On Behalf of | Jan 9, 2014 | Tax Evasion

Massachutes residents may be interested in the latest developments in the government’s tax evasion case against the billionaire creator of Beanie Baby plush toys. The 69-year-old toy designer pleaded guilty on Oct. 2 to evading approximately $5.5 million in taxes by using undisclosed Swiss bank accounts. In a Dec. 31 filing, his lawyers asked that the accused be sentenced to probation and community service instead of jail.

The billionaire’s alleged tax evasion was uncovered during a tax evasion crackdown by U.S. tax officials. His name was on a list that was turned over by UBS AG to the Justice Department as part of a February 2009 deal. As part of that deal, UBS turned over names and account data for 285 clients, paid $780 million in fees and confessed to fostering tax evasion.

As part of his plea, the accused confessed to under-reporting his income by more than $24 million from 1999 to 2007. His attorneys said he has filed correct tax returns every year since 2008. His attorneys also indicated that he is very much a financial novice despite his success and significant wealth. They said he has already agreed to repay the back taxes and fees and is committed to serving probation and performing community service. They also pointed out to the court that he has paid more than one billion dollars in lifetime taxes and makes significant charitable contributions.

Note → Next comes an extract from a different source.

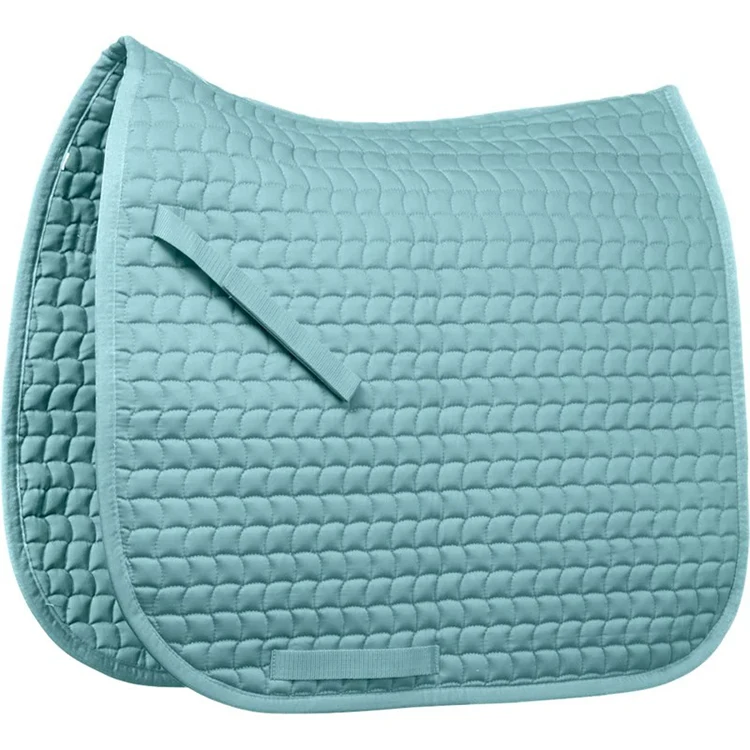 Luxury English Black Green Satin Equestrian Dressage Jump Horse Saddle Pad Set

It’s legal to employ tax-management strategies. However, sometimes those strategies are too aggressive and transition into illegal tax-evasive schemes. Individuals who are convicted of tax evasion could face fines, probation and prison time. Judges and tax officials do sometimes consider an individual’s past record and willingness to repay the back taxes when determining the severity of the sentence. A tax attorney could advocate on behalf of an accused individual in trial and in sentencing hearings.